I often see my training jobs stopped without finishing 8M steps or 2h. They don’t fail, and show up as succeeded, but sometimes they run for only 2M or 4M training steps.

In the Docker logs I see the following message

MaxRuntimeExceeded - Training job runtime exceeded MaxRuntimeInSeconds provided

Anyone else having this problem?

1 Like

Hello @jurgisp

Can you share the submission IDs where this happened? At the moment, we are using

MAX_WAIT_TIME: "12000"
MAX_RUN_TIME: "7460" 

MAX_RUN_TIME is the time for which the instance has been running for. MAX_WAIT_TIME is the time for which the job has been active for (wait time for instance to be available + MAX_RUN_TIME). If the problem is with MAX_WAIT_TIME, we can increase its value.

2 Likes

Hi @jyotish I too recieved this error in #86264. I’d like to clarify that I’ve setup some code that saves the experience replay buffer along with the checkpoints because the reset of spot instances is messing up the replay buffer and really hurts performance. But the checkpoint saving and loading time doesn’t seem to be counted in ray “Time elapsed”. If this is the issue please suggest some proper solution to get replay buffers properly working with spot instances.

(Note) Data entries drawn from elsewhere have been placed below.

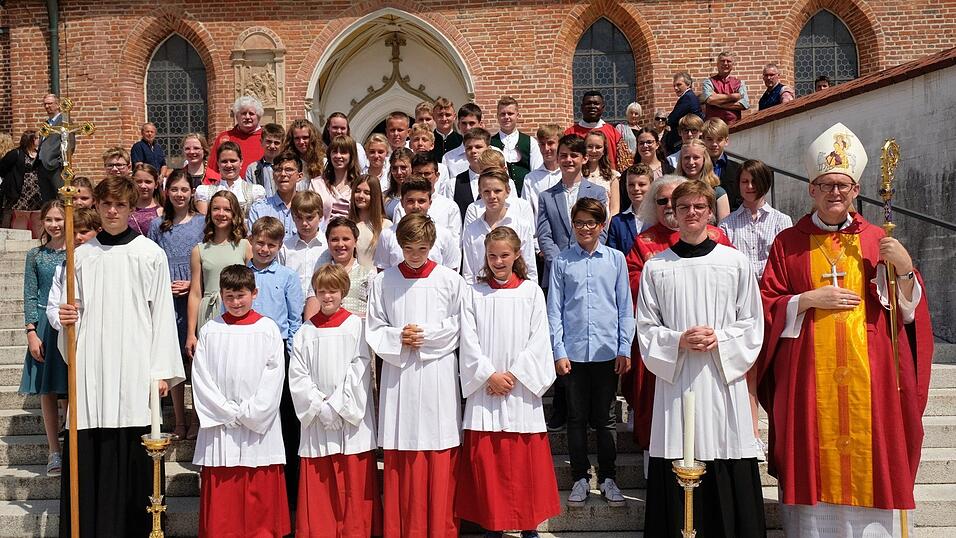 Die Firmlinge und der liturgische Dienst nach dem Gottesdienst mit Weihbischof Dr. Josef Graf aus Regensburg.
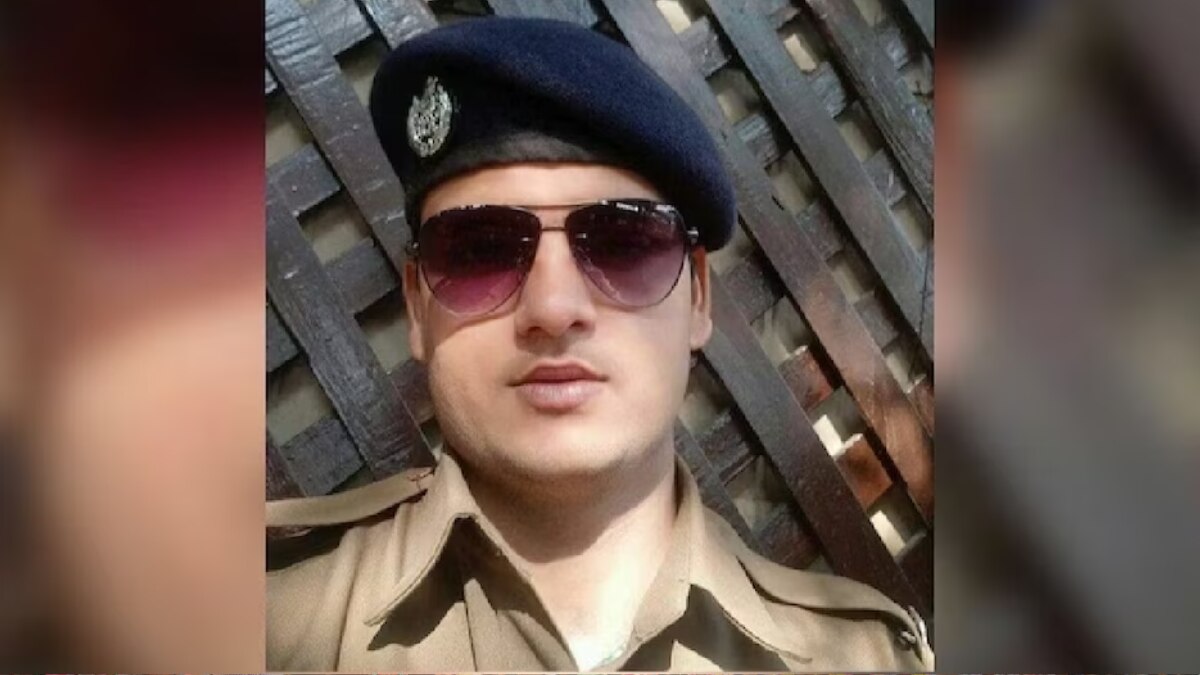 RPF जवान चेतन सिंह को रेलवे ने किया बर्खास्त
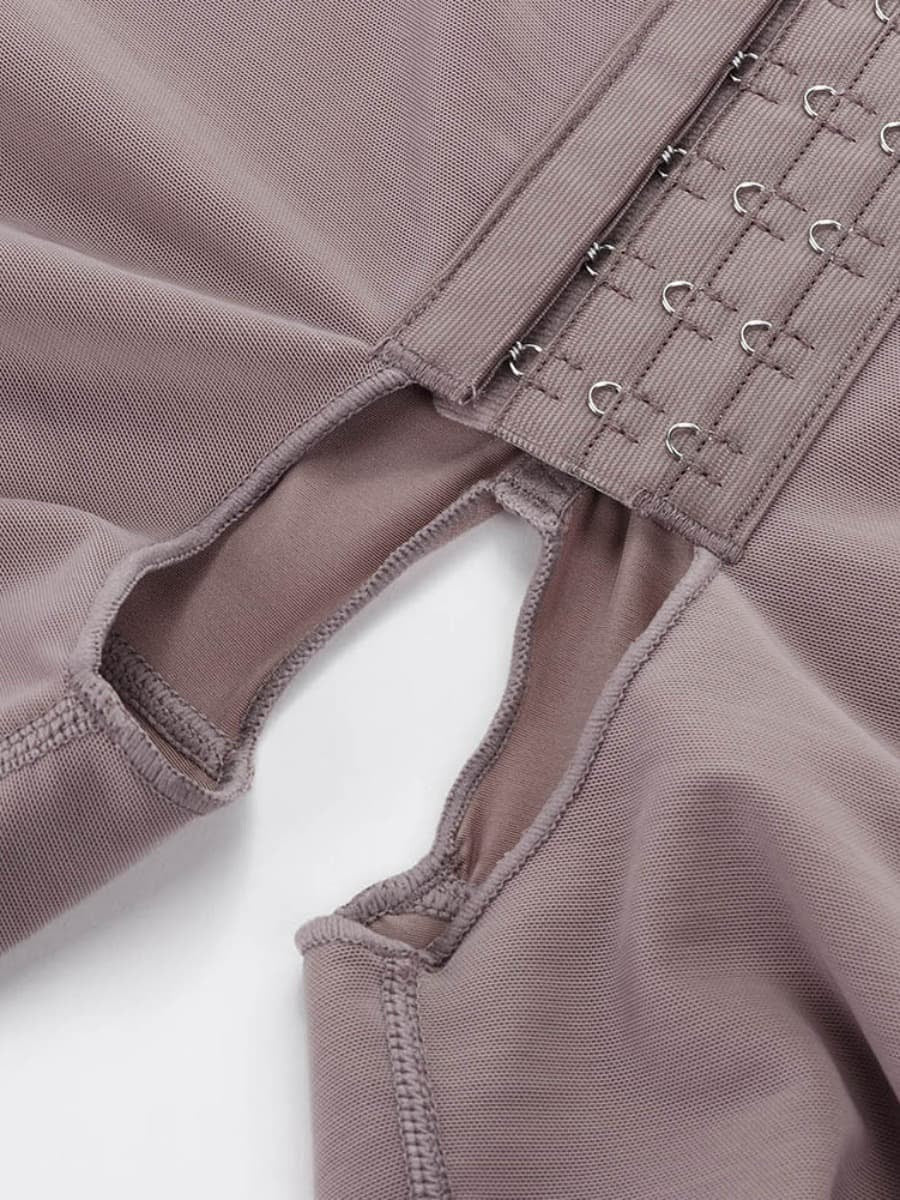 Ultimate Stretch Nude Hooks shaping girdles without crotch and without padding, available in plus size.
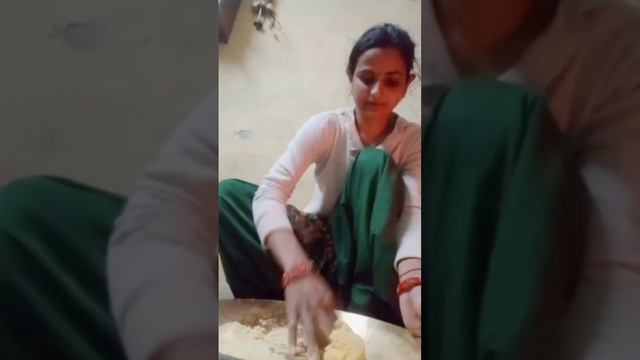 Makki Ki roti😋||#shorts|| #villagevlog || #Monika vlogs || #111||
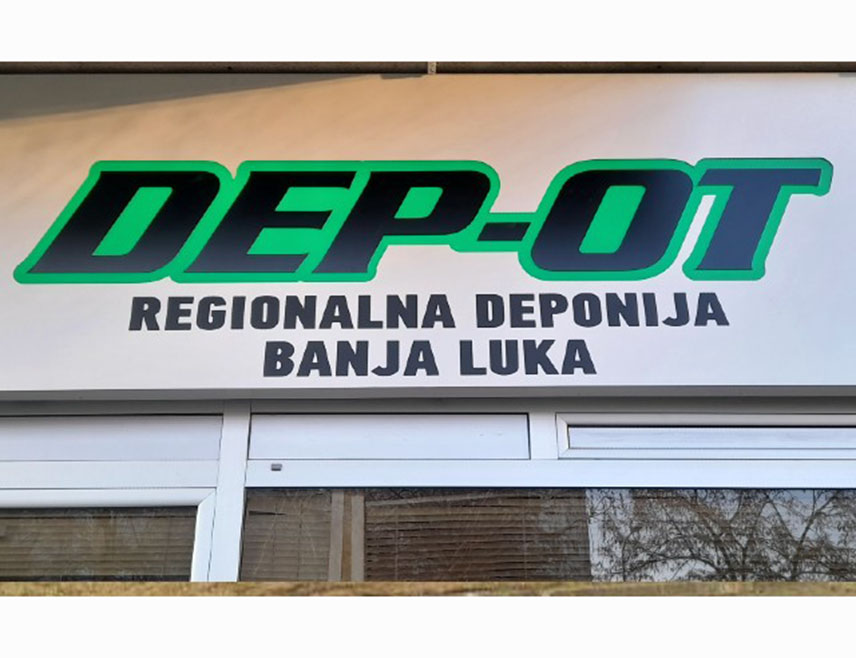 БАЊАЛУКА, 23. МАРТА /СРНА/ - Синдикална организација предузећа "Депот" Бањалука упутила је апел Окружном привредном суду да приликом извршења пресуде, која се односи на ову фирму, води рачуна о општем интересу, имајући у виду да је "Депот" једино регионално предузеће са законским дозволама за одлагање отпада.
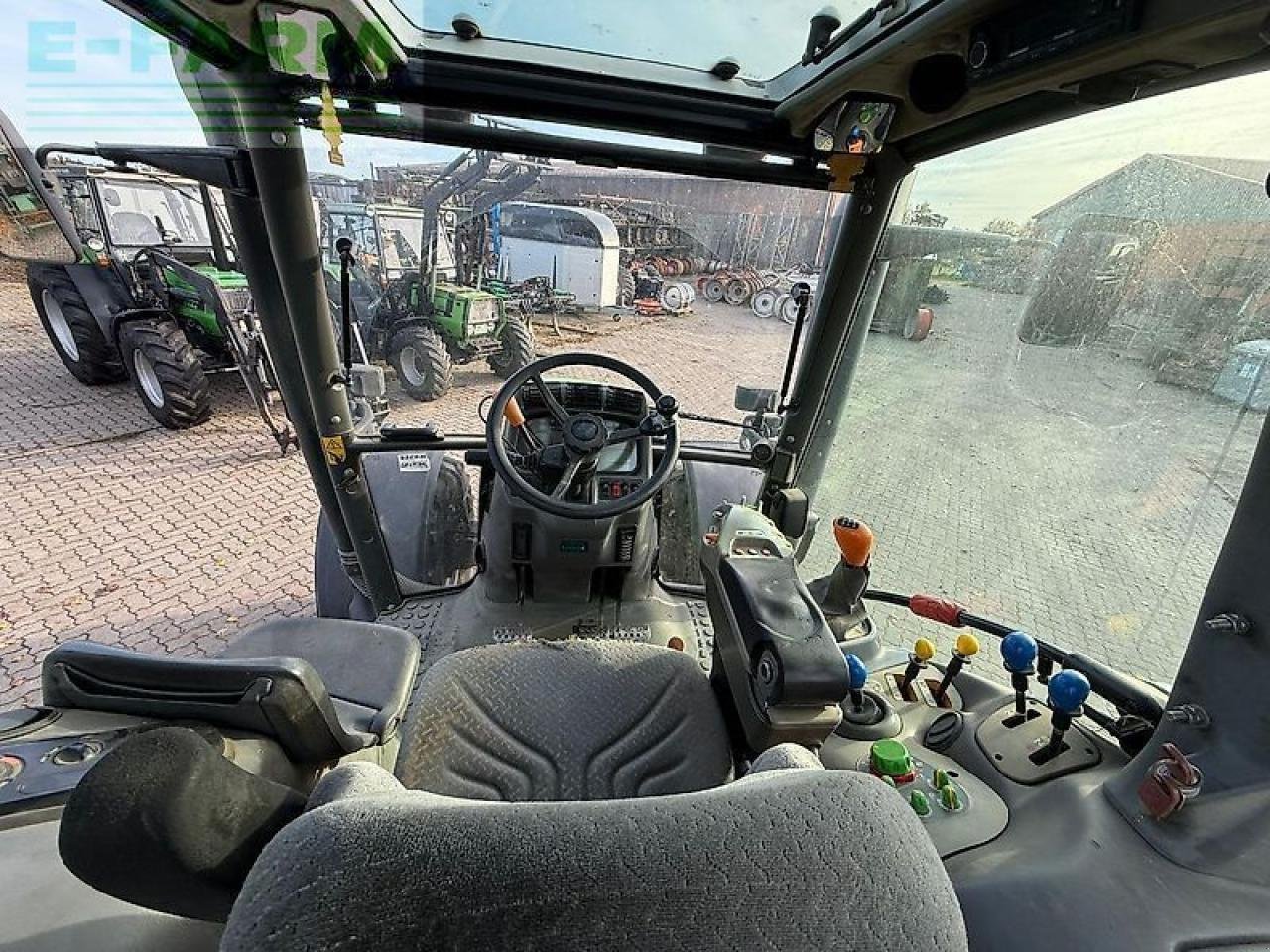 Traktor от тип Deutz-Fahr agrotron m600 motor neu !, Gebrauchtmaschine в HAMERSEN (Снимка 5)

Thanks @jyotish. I think it’s a problem with MAX_WAIT_TIME, when AWS spot market is busy, and the job is not getting an EC2 instance for a long time, after being restarted. So perhaps would be good to increase it.

Although lately it’s been ok.

It’s happening again now, for example, hash ba3be1d72057541a70112017f6cb7601685551b0.

I too recieved it again on #87296 in gemjourney and hovercraft.